Il segretario al Tesoro americano Steve Mnuchin ha inviato una lettera all’Ocse in cui torna a mettere in guardia i Paesi dall’introdurre digital tax, un’imposizione che – afferma – danneggia le aziende americane. “Si tratta di tasse che hanno un impatto discriminatorio sulle imprese americane e siamo fortemente preoccupati”, scrive Mnuchin, che torna a chiedere a tutti i Paesi di “sospendere queste iniziative in modo da permettere all’Ocse di raggiungere un accordo multilaterale”.

Steven Mnuchin (Foto Ansa – EPA/MICHAEL REYNOLDS)

Nella missiva all’Organizzazione per la Cooperazione e lo Sviluppo Economico, Mnuchin ha parlato dei timori emersi tra le compagnie americane in merito a un potenziale accordo. Se, da un parte, il segretario americano ha continuato a far pressione affinché si arrivi a un accordo che garantisca certezza, ha anche avvisato che cambiare le regole che dettano le condizioni in base alle quali i Paesi possono esercitare il loro diritto a tassare le società potrebbe avere delle ricadute su “pilastri portanti del sistema fiscale internazionale di cui i contribuenti americani si fidano”.

Mnuchin ha spiegato che gli Stati Uniti continueranno a sostenere le trattative a livello globale e solleciteranno gli altri Stati a sospendere le imposte che colpiscono i servizi digitali.

La lettera arriva in un momento di particolare tensione sul tema. Lunedì l’amministrazione Trump ha proposto l’introduzione di tariffe tese a colpire alcuni prodotti, tra cui formaggio, vino, buste di plastica e porcellana, in risposta alla cosiddetta digital tax, la tassa sui servizi digitali adottata dalla Francia. Complicando ulteriormente le discussioni in senso all’Ocse tese a impedire che i Paesi prendano misure unilaterali.

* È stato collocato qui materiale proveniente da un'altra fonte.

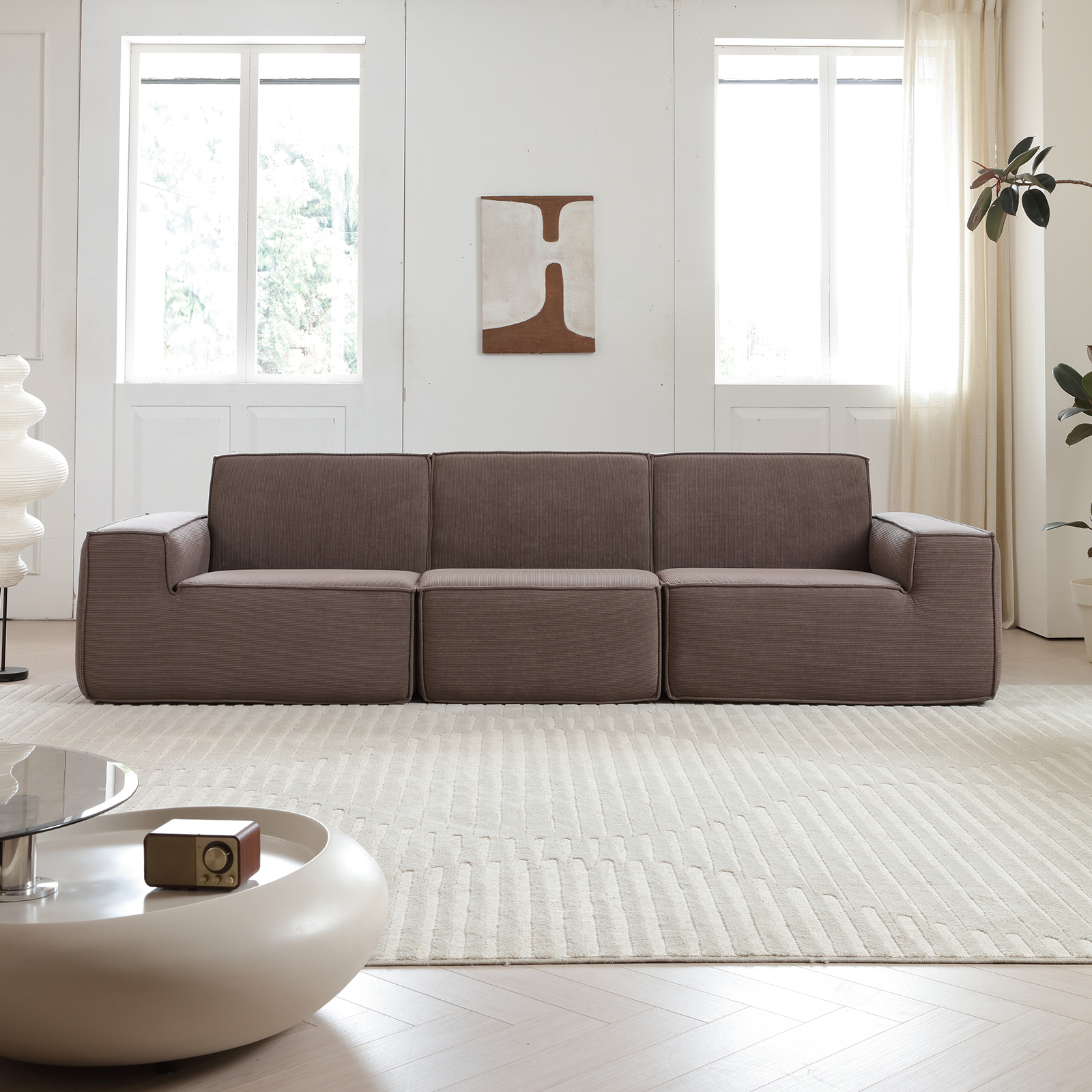 Large sectional grey upholstered sofa in a living room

Una decisione da parte dell’organismo internazionale è prevista a gennaio. In caso non si arrivi ad una soluzione l’Ue agirà “da sola”. Lo ha precisato il commissario europeo per l’Economia, Paolo Gentiloni, a margine dell’Ecofin. “Il nostro impegno è molto chiaro, stiamo lavorando per raggiungere un accordo, ma se all’Ocse ci fosse un risultato negativo avremo il compito di lavorare a una soluzione europea”.